> **TASK REQUIREMENTS**: All the records that follow need to be reproduced exactly. Omit the images.

> **DATASET EXCERPTS**:

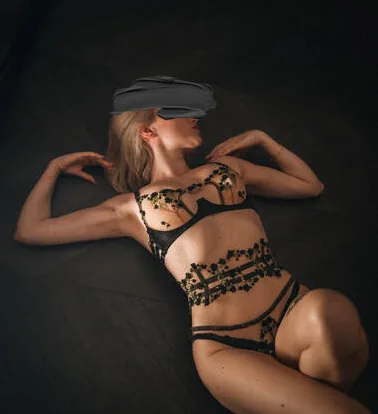 Nina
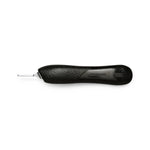 Aspen Surgical Products Bard-Parker Surgical Blade Handles 371050 - 5.0 Each - MDL-B-D371050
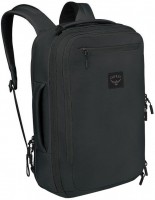 Купити рюкзак Osprey Aoede Briefpack  за ціною від 6636 грн.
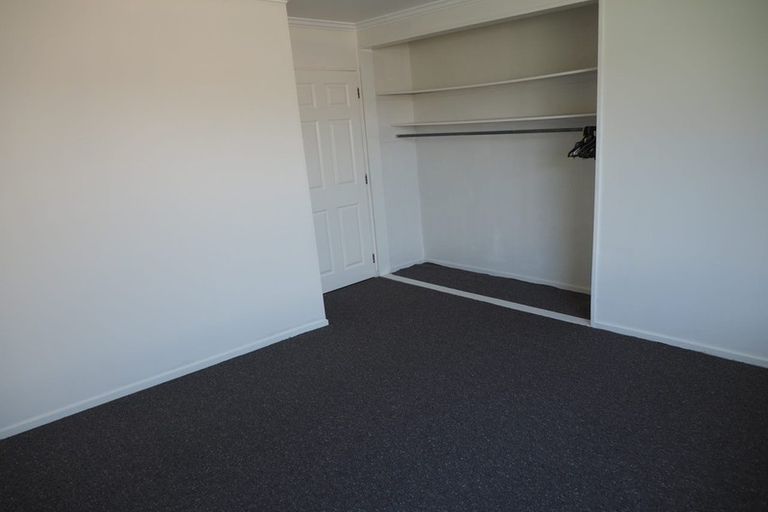 Photo of property in 284a Moore Street, Ashburton, 7700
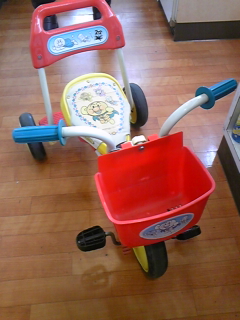 DVC00180.jpg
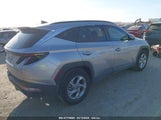 HYUNDAI TUCSON SEL KM8JB3AE1PU245074 снимка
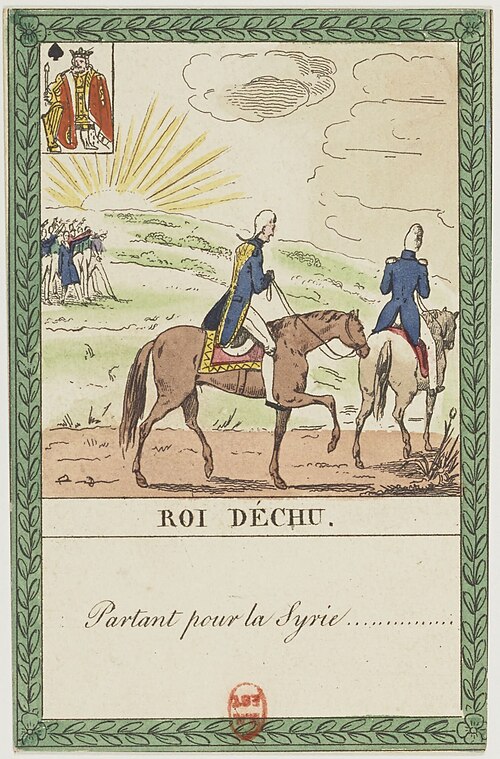 500px-Jeu_de_cartes_de_la_Révolution_de_1830,_dit__des_barricades__-_jeu_de_cartes,_estampe_-_btv1b105092143_(49_of_65)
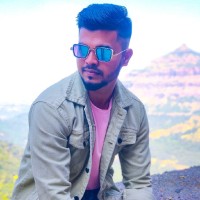 vikrant hande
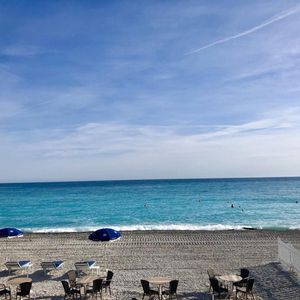 Property in Carre d'Or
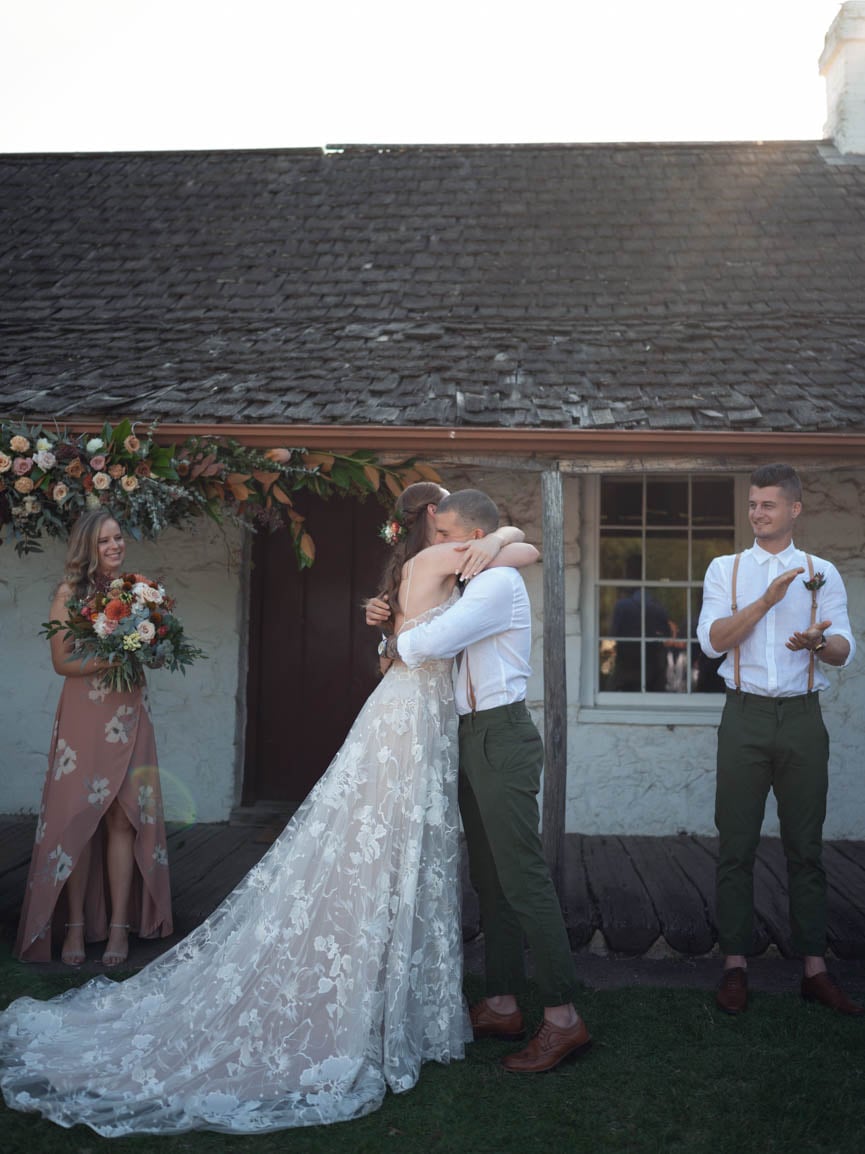 goldcoast wedding photographer Brisbane wedding photography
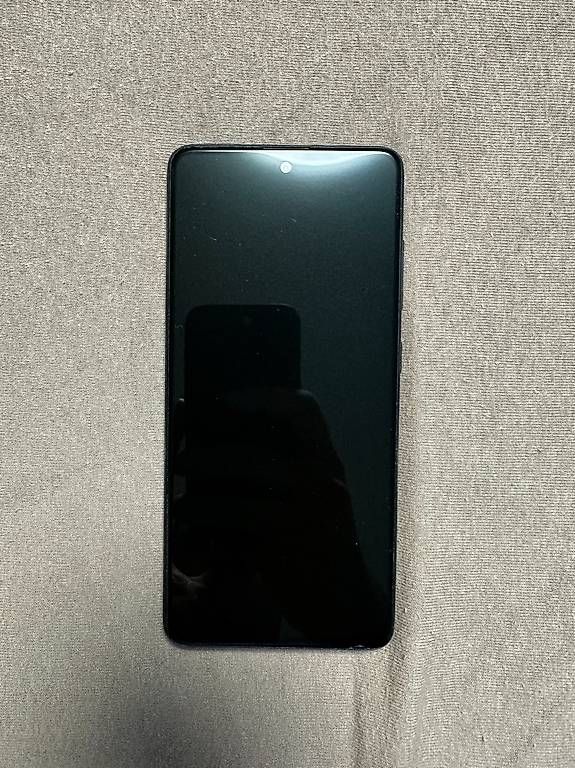 Portables: Samsung Galaxy A51 – D'occasion à Wittenbach par Chego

> **RESPONSE AREA**:
 Nina
 Aspen Surgical Products Bard-Parker Surgical Blade Handles 371050 - 5.0 Each - MDL-B-D371050
 Купити рюкзак Osprey Aoede Briefpack  за ціною від 6636 грн.
 Photo of property in 284a Moore Street, Ashburton, 7700
 DVC00180.jpg
 HYUNDAI TUCSON SEL KM8JB3AE1PU245074 снимка
 500px-Jeu_de_cartes_de_la_Révolution_de_1830,_dit__des_barricades__-_jeu_de_cartes,_estampe_-_btv1b105092143_(49_of_65)
 vikrant hande
 Property in Carre d'Or
 goldcoast wedding photographer Brisbane wedding photography
 Portables: Samsung Galaxy A51 – D'occasion à Wittenbach par Chego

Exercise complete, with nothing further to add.